* [PROBLEM TO WORK ON]: Print out the entries from the line containing "Summer Meadows Meeting" through the last line, exactly, and print nothing else. Pictures are not copied.

╭─ SOURCE RECORDS

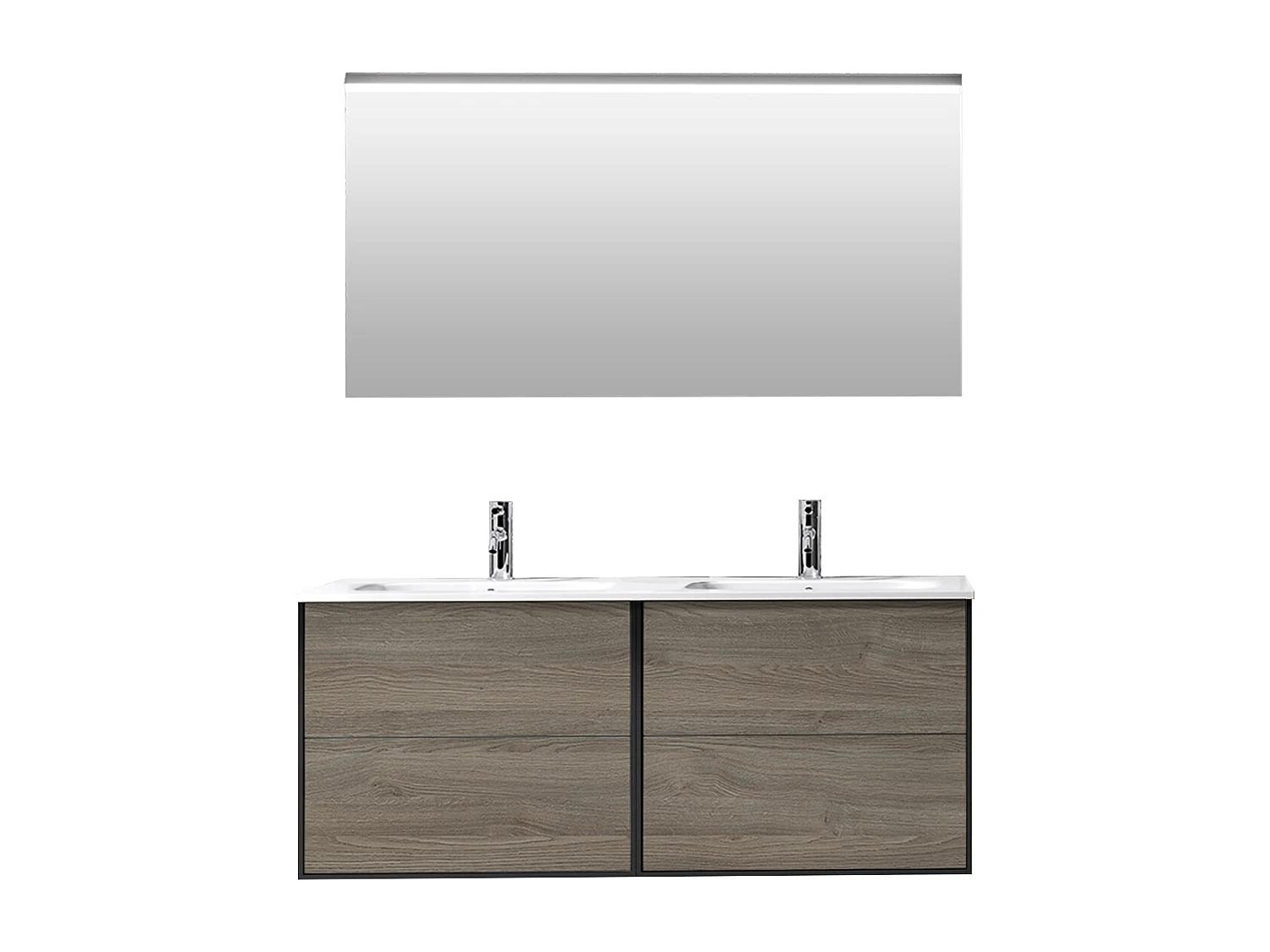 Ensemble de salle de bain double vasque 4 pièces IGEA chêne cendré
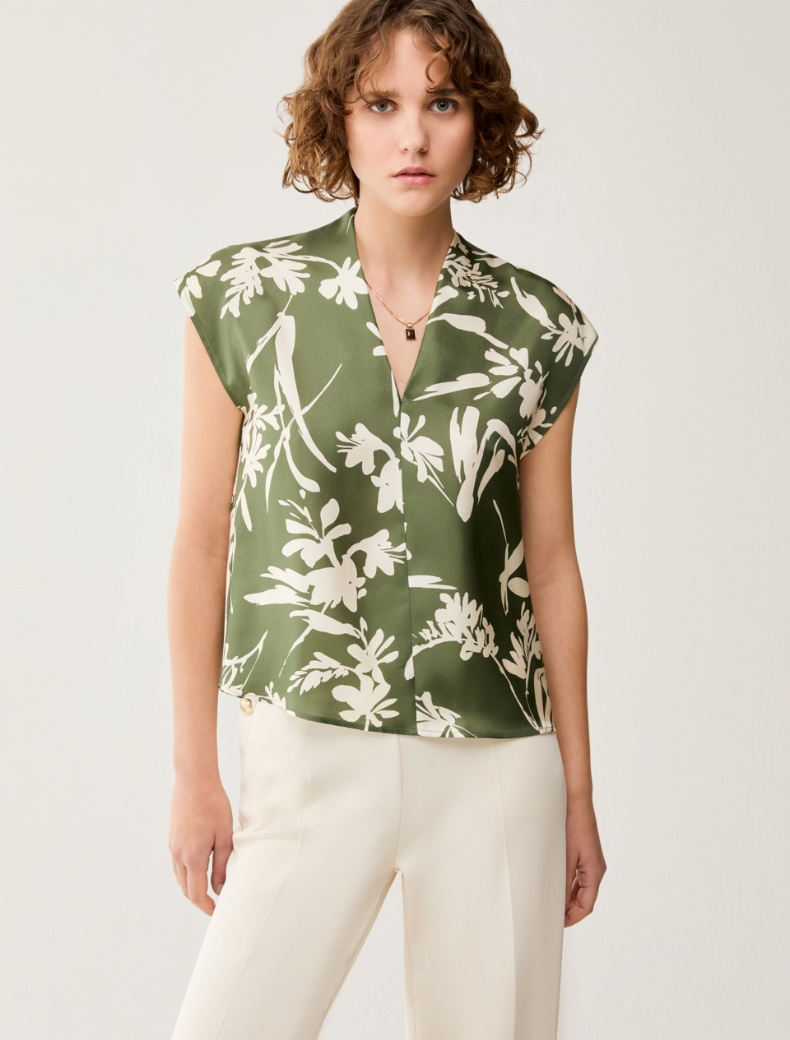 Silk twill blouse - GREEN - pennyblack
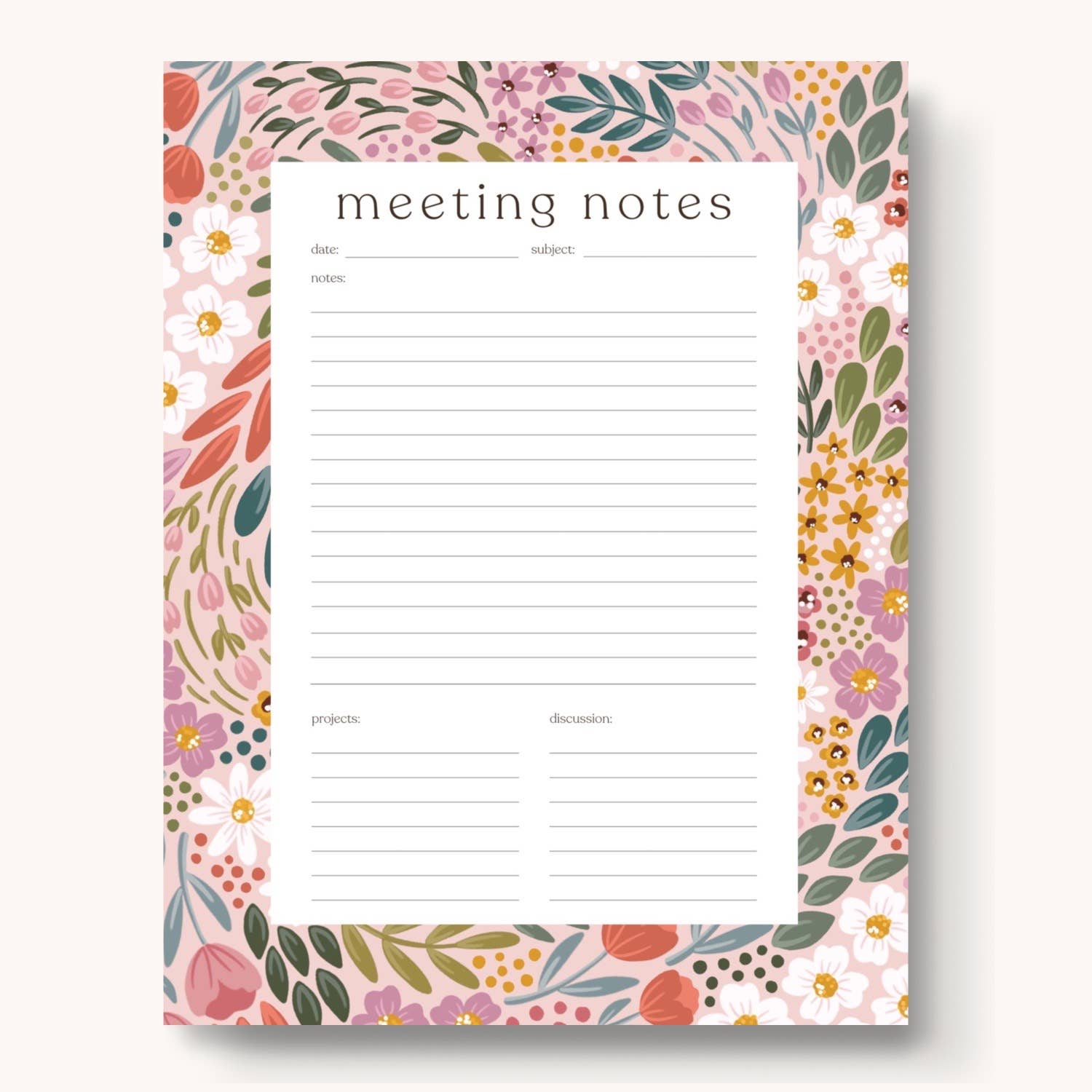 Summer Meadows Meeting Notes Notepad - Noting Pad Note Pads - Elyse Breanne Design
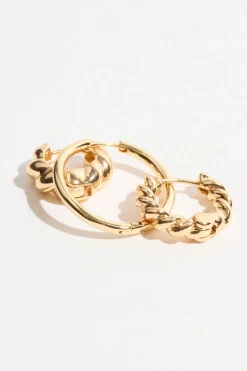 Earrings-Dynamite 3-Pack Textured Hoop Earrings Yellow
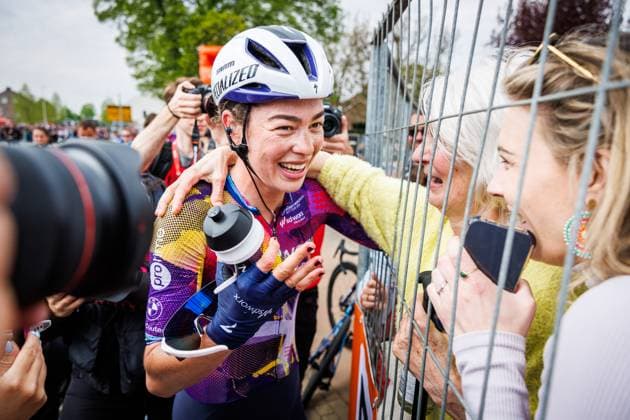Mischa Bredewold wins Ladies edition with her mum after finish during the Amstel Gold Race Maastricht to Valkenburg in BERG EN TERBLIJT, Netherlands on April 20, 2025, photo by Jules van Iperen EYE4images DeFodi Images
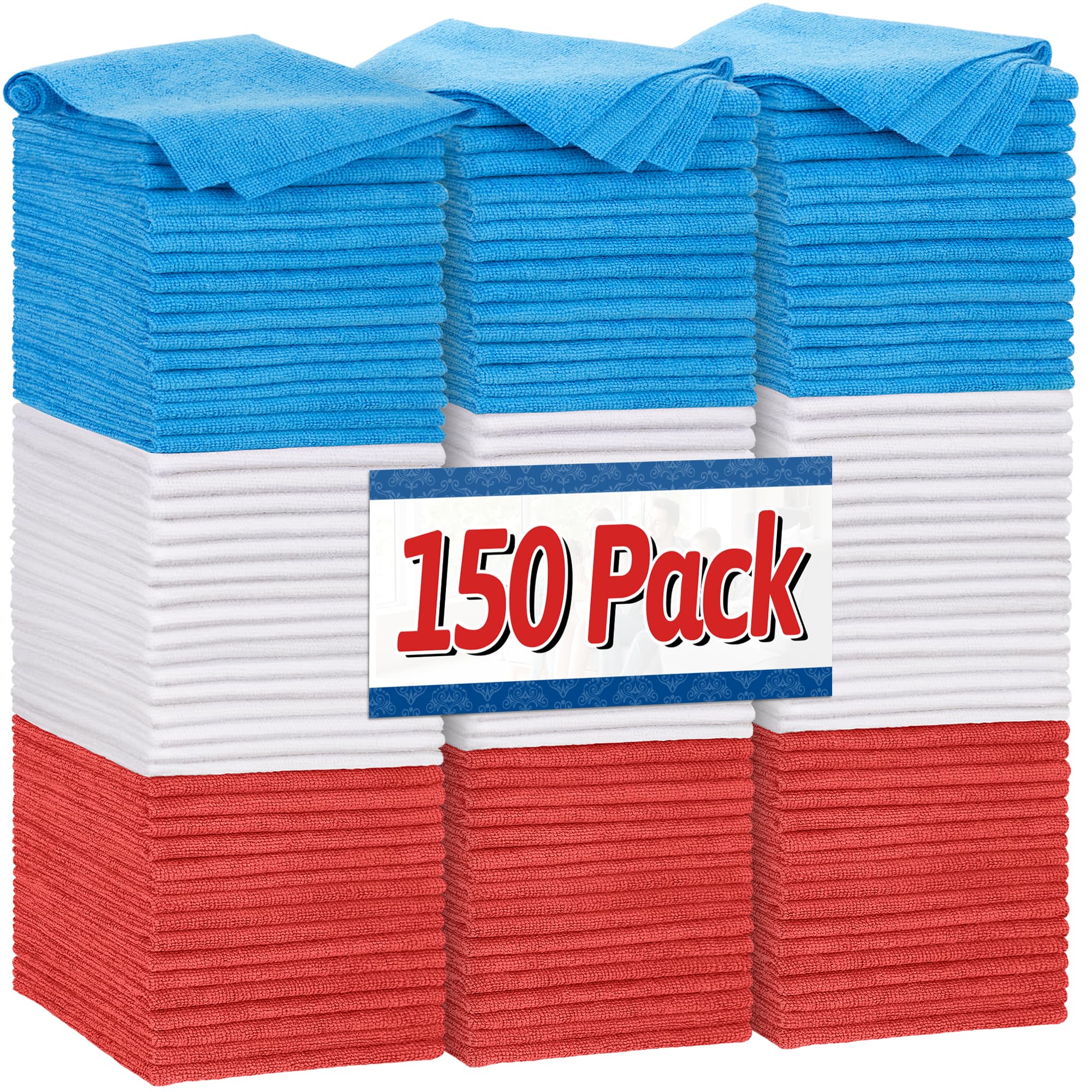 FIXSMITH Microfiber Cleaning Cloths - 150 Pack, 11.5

╰─

* [WRITTEN REPLY]:
 Summer Meadows Meeting Notes Notepad - Noting Pad Note Pads - Elyse Breanne Design
 Earrings-Dynamite 3-Pack Textured Hoop Earrings Yellow
Mischa Bredewold wins Ladies edition with her mum after finish during the Amstel Gold Race Maastricht to Valkenburg in BERG EN TERBLIJT, Netherlands on April 20, 2025, photo by Jules van Iperen EYE4images DeFodi Images
 FIXSMITH Microfiber Cleaning Cloths - 150 Pack, 11.5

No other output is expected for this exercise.